Принятие своей судьбы как закономерности — не то же, что принятие возмездия за грехи отцов, своего класса или народа. Я признавала и признаю только личную ответственность за свои поступки и не считаю себя причастной к трагедии, которая произошла в России. Когда Вера говорила, что ей стыдно здесь, в лагере, быть русской, так как «мой народ угнетает другие народы», — мне это было непонятно. И позже я спокойно ездила в Прибалтику, чувствуя себя там гостем, а не оккупантом. Если бы на меня кто-нибудь косо там посмотрел, я бы объяснила, почему не надо ко мне чувствовать вражды.
Я даже подозреваю, что это упомянутое чувство вины — не многого стоит. Оно абстрактно: такую вину нельзя искупить, в ней бесплодно каяться.
На 20-й колонне я дружила ещё с одной немкой, Урсулой. На эту дружбу с беспокойством смотрели мои подруги и знакомые. Лена печально констатировала, что её соплеменница «швайн»: Урсула была из тех, кого в лагере называли по-разному — от смешливого «оно» до, по-блатному, «кобёл». Термин «лесбиянка» не был принят. Желая походить на мужчин, такие женщины часто ходили в брюках и коротко стриглись. Особенно много их было среди блатных, на втором по количеству месте — немки, бывали они и среди нашей интеллигенции. Украинки — в своём большинстве крестьянки — а также религиозные, были неподвержены моральному разложению, неуязвимы для всякой лагерной заразы — доносительства, воровства, сожительства с начальством и, наконец, лесбиянства[70]
. Среди религиозных женщин случалось наблюдать проявления экзальтированной дружбы, но не более того.Откровенно вели себя блатные. Явление это запечатлено в их фольклоре. Известна поговорка: «Попробуешь пальчика, не захочешь мальчика». Впрочем, говорят, что, попав в нормальные условия, большинство заражённых этим пороком быстро от него избавлялись. Помню частушку, которую под гитару пела одна блатная:
Помню, как во время работы на слюде одна молоденькая блатная рассказывала эпическим тоном: «Я была тогда девушкой. С мужиками не жила, только с бабами».
Однако и среди них, совсем пропащих, можно было встретить большую самоотверженность, связанную с этой дружбой. Чтобы избежать этапа, не допустить вечно грозящей в лагере разлуки, они были способны сделать себе «мастырку» — искусственную болячку, рану. Помню смешную маленькую блатную Зайцеву, избежавшую этапа с помощью грифеля от химического карандаша, и победоносно ходившую по зоне с фиолетовыми глазами. А одна женщина умерла, впустив себе мыло в вену.
В интеллигентной среде всё было скрыто, завуалировано, двусмысленно. Довольно редко открыто признавались в пороке, но и это бывало.

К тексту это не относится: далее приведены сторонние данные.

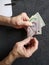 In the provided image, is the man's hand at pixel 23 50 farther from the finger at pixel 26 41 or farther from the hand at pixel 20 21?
the hand at pixel 20 21

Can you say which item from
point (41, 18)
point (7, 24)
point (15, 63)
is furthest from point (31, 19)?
point (15, 63)

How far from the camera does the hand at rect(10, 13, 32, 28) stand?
4.57 feet

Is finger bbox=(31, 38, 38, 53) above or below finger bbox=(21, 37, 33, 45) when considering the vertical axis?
below

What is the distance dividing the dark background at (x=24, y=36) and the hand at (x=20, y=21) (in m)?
0.05

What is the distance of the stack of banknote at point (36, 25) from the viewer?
4.70 ft

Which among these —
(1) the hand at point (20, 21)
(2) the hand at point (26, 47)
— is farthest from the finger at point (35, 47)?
(1) the hand at point (20, 21)

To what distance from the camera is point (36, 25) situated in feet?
4.77

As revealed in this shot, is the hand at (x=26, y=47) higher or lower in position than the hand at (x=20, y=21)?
lower

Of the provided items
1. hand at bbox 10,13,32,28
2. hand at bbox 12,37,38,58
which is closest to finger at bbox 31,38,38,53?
hand at bbox 12,37,38,58

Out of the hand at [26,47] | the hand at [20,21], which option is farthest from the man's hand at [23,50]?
the hand at [20,21]

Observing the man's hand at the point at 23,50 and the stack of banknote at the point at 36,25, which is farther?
the stack of banknote at the point at 36,25

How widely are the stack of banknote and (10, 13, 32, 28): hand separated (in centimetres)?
4

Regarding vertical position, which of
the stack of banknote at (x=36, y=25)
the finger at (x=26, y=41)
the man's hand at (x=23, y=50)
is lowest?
the man's hand at (x=23, y=50)

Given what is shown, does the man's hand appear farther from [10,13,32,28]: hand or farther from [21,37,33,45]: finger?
[10,13,32,28]: hand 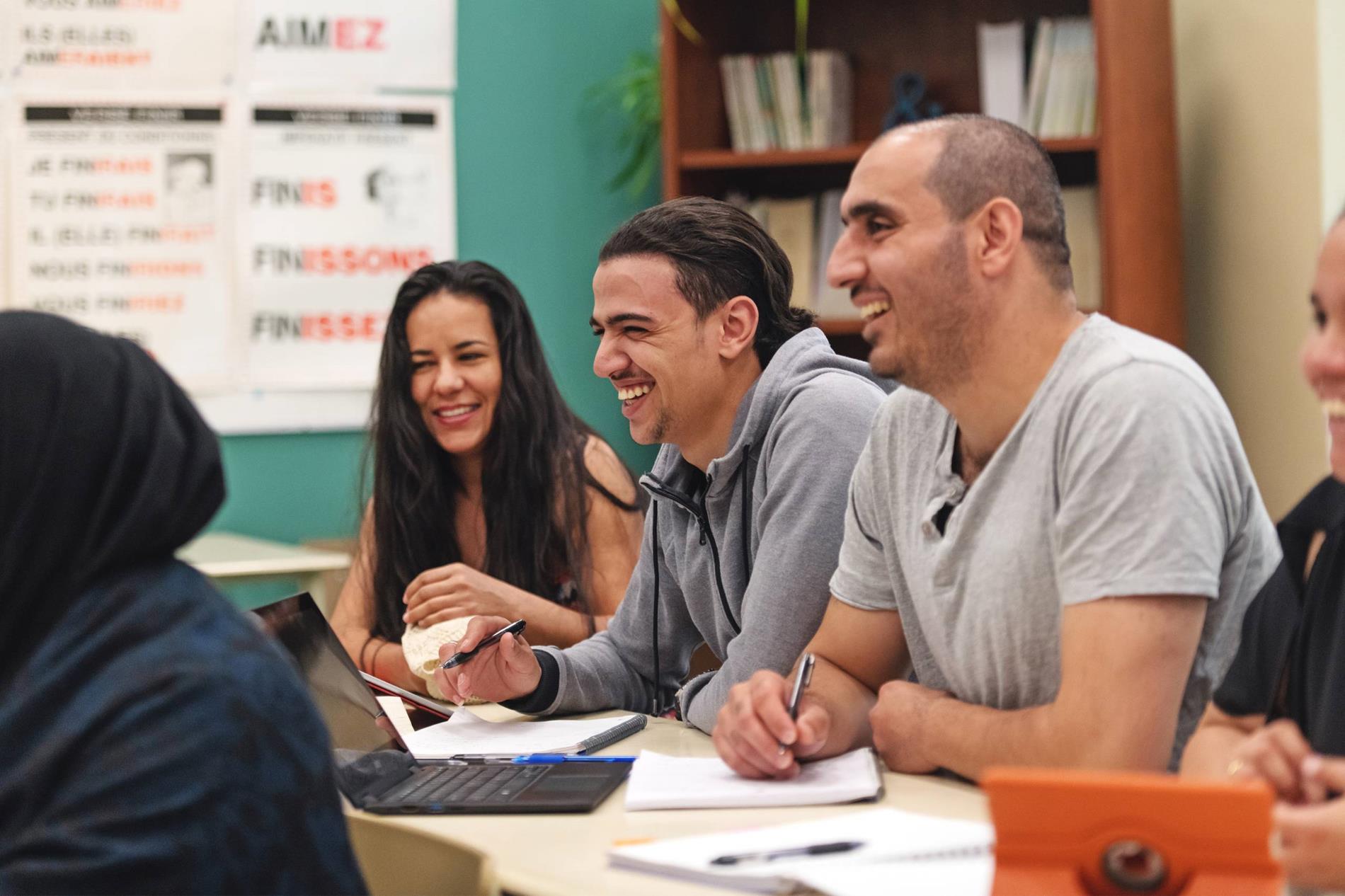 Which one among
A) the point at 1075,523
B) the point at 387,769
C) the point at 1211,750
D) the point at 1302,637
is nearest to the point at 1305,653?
the point at 1302,637

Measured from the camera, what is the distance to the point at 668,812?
138cm

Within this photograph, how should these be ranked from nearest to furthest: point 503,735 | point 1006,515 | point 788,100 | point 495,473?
point 1006,515, point 503,735, point 495,473, point 788,100

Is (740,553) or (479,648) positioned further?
(740,553)

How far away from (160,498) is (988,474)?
89cm

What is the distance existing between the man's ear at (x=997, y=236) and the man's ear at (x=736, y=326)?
580 millimetres

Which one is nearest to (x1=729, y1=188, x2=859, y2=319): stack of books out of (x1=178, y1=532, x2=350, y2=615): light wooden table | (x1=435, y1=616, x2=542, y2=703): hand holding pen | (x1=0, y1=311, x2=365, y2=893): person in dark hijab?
(x1=178, y1=532, x2=350, y2=615): light wooden table

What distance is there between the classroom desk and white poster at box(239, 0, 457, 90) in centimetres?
277

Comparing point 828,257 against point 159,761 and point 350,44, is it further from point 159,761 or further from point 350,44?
point 159,761

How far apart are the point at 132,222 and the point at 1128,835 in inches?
130

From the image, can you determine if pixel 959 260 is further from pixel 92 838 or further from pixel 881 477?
pixel 92 838

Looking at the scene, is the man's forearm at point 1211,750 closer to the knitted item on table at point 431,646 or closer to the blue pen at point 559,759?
the blue pen at point 559,759

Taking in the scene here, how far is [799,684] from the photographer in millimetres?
1513

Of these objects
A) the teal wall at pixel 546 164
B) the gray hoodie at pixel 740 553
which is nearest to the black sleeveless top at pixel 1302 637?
the gray hoodie at pixel 740 553

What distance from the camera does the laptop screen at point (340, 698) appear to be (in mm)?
1517
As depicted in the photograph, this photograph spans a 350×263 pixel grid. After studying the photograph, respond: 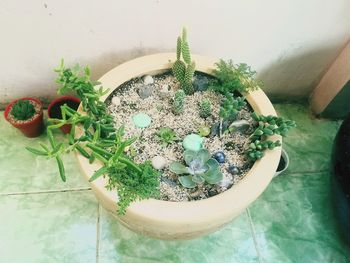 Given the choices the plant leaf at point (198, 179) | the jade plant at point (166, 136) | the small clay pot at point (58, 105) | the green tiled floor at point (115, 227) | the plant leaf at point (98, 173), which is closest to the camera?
the plant leaf at point (98, 173)

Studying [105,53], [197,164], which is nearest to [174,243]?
[197,164]

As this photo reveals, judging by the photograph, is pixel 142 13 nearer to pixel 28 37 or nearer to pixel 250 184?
pixel 28 37

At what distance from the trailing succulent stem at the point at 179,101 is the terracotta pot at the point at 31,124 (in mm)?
536

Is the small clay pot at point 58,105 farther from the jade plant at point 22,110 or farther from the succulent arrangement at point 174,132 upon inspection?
the succulent arrangement at point 174,132

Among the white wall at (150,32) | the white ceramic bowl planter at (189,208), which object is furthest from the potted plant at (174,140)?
the white wall at (150,32)

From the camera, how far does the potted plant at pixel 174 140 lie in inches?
37.2

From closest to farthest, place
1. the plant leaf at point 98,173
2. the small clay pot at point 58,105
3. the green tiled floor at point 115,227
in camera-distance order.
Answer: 1. the plant leaf at point 98,173
2. the green tiled floor at point 115,227
3. the small clay pot at point 58,105

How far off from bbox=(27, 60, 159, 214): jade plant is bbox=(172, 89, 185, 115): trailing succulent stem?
0.70 feet

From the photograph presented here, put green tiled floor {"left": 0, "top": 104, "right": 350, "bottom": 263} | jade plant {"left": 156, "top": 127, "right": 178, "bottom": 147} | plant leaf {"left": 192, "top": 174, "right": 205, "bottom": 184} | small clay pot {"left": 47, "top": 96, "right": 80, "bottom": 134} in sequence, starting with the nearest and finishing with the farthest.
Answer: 1. plant leaf {"left": 192, "top": 174, "right": 205, "bottom": 184}
2. jade plant {"left": 156, "top": 127, "right": 178, "bottom": 147}
3. green tiled floor {"left": 0, "top": 104, "right": 350, "bottom": 263}
4. small clay pot {"left": 47, "top": 96, "right": 80, "bottom": 134}

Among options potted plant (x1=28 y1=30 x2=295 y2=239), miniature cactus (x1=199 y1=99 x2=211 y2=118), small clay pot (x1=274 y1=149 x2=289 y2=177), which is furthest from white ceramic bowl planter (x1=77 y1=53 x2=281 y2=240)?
small clay pot (x1=274 y1=149 x2=289 y2=177)

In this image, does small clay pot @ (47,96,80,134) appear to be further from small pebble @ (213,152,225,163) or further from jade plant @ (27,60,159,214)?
small pebble @ (213,152,225,163)

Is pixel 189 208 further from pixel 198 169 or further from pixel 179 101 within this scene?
pixel 179 101

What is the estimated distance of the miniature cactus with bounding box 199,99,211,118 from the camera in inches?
44.9

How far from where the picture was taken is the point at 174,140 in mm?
1146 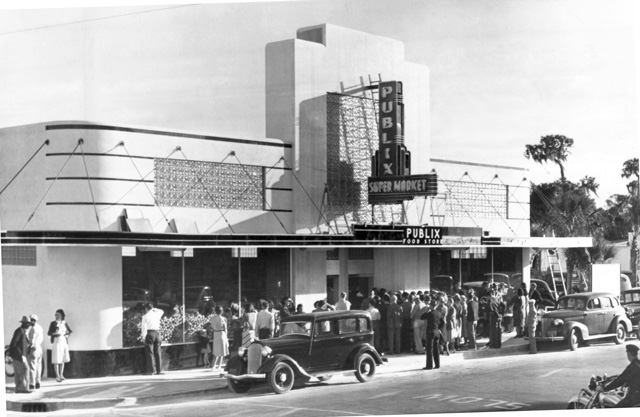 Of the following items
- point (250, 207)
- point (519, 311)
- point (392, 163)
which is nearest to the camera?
point (250, 207)

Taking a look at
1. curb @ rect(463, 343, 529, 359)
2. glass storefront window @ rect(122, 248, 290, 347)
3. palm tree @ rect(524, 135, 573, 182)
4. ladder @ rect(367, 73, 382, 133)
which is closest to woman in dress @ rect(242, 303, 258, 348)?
glass storefront window @ rect(122, 248, 290, 347)

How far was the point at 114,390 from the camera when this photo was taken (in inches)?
650

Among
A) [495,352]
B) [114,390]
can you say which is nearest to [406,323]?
[495,352]

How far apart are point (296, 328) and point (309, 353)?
557 millimetres

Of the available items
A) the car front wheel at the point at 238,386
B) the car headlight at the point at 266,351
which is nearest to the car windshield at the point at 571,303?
the car headlight at the point at 266,351

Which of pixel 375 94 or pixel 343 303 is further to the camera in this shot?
pixel 375 94

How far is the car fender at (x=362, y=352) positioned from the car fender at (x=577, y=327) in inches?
209

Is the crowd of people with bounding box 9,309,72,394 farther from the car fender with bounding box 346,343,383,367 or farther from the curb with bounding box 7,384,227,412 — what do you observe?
the car fender with bounding box 346,343,383,367

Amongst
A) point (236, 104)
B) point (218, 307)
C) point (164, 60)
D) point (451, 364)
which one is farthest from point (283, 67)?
point (451, 364)

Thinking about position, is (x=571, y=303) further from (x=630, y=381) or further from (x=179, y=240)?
(x=179, y=240)

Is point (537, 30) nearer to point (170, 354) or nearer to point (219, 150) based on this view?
point (219, 150)

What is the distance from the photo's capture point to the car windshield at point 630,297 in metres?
21.5

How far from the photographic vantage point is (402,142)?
20.7 m

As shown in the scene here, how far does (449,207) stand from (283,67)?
18.9 feet
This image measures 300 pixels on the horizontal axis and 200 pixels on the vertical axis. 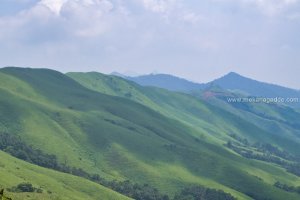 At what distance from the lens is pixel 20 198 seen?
18962 centimetres

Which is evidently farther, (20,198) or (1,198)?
(20,198)

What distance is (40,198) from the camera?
19875 centimetres

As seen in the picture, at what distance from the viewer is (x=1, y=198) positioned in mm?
67688

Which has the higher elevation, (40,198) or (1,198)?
(1,198)

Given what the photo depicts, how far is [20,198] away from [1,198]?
127767 millimetres

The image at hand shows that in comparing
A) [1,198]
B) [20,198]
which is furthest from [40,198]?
[1,198]

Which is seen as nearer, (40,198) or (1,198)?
(1,198)

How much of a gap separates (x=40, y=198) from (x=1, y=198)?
136 meters

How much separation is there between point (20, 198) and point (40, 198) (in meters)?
10.9

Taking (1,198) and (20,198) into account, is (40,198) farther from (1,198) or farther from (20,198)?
(1,198)

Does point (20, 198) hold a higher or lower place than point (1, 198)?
lower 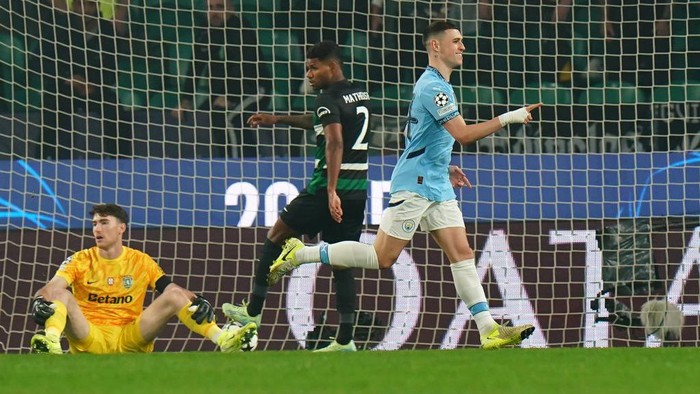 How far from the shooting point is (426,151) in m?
8.39

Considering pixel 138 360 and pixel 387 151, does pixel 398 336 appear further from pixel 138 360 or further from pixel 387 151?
pixel 138 360

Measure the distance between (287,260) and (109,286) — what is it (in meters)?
1.18

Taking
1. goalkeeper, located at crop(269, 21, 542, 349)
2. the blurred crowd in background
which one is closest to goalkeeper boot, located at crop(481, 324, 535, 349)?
goalkeeper, located at crop(269, 21, 542, 349)

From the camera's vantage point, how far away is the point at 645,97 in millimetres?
11867

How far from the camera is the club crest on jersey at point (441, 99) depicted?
26.8 feet

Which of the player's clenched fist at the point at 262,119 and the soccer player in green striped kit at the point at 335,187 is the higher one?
the player's clenched fist at the point at 262,119

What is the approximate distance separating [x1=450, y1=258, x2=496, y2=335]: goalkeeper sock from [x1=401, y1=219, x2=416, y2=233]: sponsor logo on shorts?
0.31m

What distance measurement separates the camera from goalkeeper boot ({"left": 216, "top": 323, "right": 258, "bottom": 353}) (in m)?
8.56

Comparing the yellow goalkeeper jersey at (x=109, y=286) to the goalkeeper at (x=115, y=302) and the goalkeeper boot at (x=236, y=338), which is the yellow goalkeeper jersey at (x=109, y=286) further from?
the goalkeeper boot at (x=236, y=338)

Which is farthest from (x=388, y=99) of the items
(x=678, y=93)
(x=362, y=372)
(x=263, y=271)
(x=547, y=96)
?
(x=362, y=372)

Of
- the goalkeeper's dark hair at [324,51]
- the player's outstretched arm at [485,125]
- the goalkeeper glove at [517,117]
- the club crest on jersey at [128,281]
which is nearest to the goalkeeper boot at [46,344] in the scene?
the club crest on jersey at [128,281]

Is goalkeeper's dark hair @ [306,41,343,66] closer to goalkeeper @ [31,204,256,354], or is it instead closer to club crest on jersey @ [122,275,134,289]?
goalkeeper @ [31,204,256,354]

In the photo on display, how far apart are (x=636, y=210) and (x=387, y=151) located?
76.1 inches

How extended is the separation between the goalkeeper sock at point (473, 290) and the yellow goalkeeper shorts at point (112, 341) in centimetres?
193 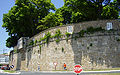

Мне говорила Тамара, дочь русских эмигрантов, влюблённая в красивую эстонку Ванду: «Я была два раза замужем, но только от Ванды хотела бы иметь ребёнка». Тамара страшно ревновала свою красотку к известной разлучнице, чешской еврейке Елене. Именно этим Елена была знаменита на трассе. Из обольщённых ею помню художницу-литовку, хрупкую блондинку, которая обменивалась с Еленой любовными письмами с рисунками. Рисунки изображали две парящие в воздухе женские фигуры, обвитые чёрной змеёй. Письма эти Елена показывала с гордостью, наверное не мне одной.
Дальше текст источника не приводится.